And they fell like ninepins. Weeks of predictions, optimistic readings, and hopeful signs were dashed as the members of the highest court of Australia laid waste to members of Parliament. Citing a section in the Australian constitution that has become something of a heavy footnote in popular consciousness, the judges ruled five out of seven applicants ineligible to sit in Parliament.
The applicants have come to assume a title more commonly associated with criminal gangs or wrongly accused terrorists: the Citizenship Seven. But of the seven, only Senators Matt Canavan and Nick Xenophon survived. Barnaby Joyce, the Deputy Prime Minister, Fiona Nash, Larissa Waters, Scott Ludlam and Malcolm Roberts all became confirmed victims of section 44(i).
That section, read strictly, is onerous in application, making ineligible anyone “under any acknowledgment of allegiance, obedience, or adherence to a foreign power, or is a subject or a citizen or entitled to the rights or privileges of a subject or a citizen of a foreign power”.

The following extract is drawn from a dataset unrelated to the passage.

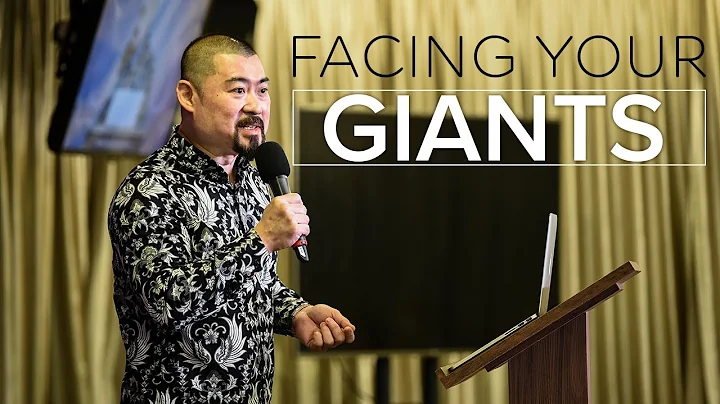 Facing Your Giants | Jason Ong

It had been a true battle. Submissions varied. Joyce and Nash had suggested that s. 44(i) required that a foreign citizenship be actually chosen or maintained, its “essence,” noted the judges, being “knowledge of the foreign citizenship”. Ludlam and Waters insisted that a person be “put on notice” where the person is alerted to “primary facts” of possessing citizenship of another country.
A third, one advanced by Canavan, Roberts and Xenophon, was that foreign citizenship be voluntarily obtained or retained. This enabled a distinction to be drawn between naturalised Australians and “natural born” Australians.
The former placed the onus on the naturalised Australian to have taken all reasonable steps to renounce citizenship of another country. The latter would be disqualified if he or she took active steps to acquire a foreign citizenship or, after acquiring knowledge of that citizenship, did not take reasonable steps to renounce it.
The High Court, much against the spirit of any true widening of the section’s purpose, kept matters narrow. Constitutional history suggested no need to change that stance. As for the impact of a foreign law, that, in and of itself, could never determine the operation of the disqualification provision. Fine words in theory, but in practice, a far from easy proposition.
A notable limb of reasoning in the judgment was its dismissal of the mental element of the potential parliamentarian. The section made no reference to the state of mind, and investigating “the state of mind of a candidate” was undesirable to the stability of the process.
What, then, of the survivors? Xenophon was spared the cull as he was not truly a “subject or citizen of a foreign power” or entitled the rights and privileges of one. His foreign citizenship was “residual” in nature, one rooted in British practice towards overseas territories – in his case, Cyprus. He was neither a subject nor a citizen of a foreign power for the purposes of the section.
Canavan was similarly graced by the good will of the court. When he was born, the court noted, his parents and grandparents were Australian citizens and only Australian citizens. As for the senator, never one to be entirely honest in press conferences on his background, he had never visited Italy nor taken steps to acquire Italian citizenship. The court, fortunately for Canavan, took the view that registration of Italian citizenship was different to a declaration of it, effectively meaning that the right to it lay dormant.
The Prime Minister, Malcolm Turnbull, had had moments of hope over experience in claiming that the High Court would give a clean bill of constitutional health to his deputy. His statements prior to the court ruling came close enough to a directive, a point that would not have been missed by the judicial officers. What transpired was a predictably conservative ruling.
The sense that Australians, certainly those with dual citizenship, have received a good blow is palpable. The expert commentary on the section certainly point to its archaic formulation, one that takes aim at diversity in favour of one citizenship. Adrienne Stone, director of the Constitutional Centre for Comparative Studies, feels that such an eligibility requirement should be inapplicable in a multicultural society.
“We would be missing out on terrific representatives. But also it’s a matter of the most basic fairness that people ought to be able to contribute or participate on equal grounds.” Waters similarly backs the point that the reading of section 44(i) “would eliminate a good half of our population from running for Federal Parliament.”
The other side of the coin is a less forgiving one. The paperwork on background, familial links, and efforts to renounce, were not done in five cases, and convincing Australians that a constitutional amendment to permit dual citizens to sit in the highest chambers in the land is not one that will fly easily, should it even grow wings. The electorate’s kindness only extends so far.
The only possible textual change will have to be by a mechanism of a double requirement: a majority of electors in a majority of states and a majority of the country, a truly high bar to satisfy.
Referenda have a habit of dying in brave efforts to cross the line – a mere 8 out of 44 seeking to amend the constitution have succeeded, the last being 1977. As constitutional law professor Anne Twomey rightly notes, “It is not the sort of thing that people march on the streets for.”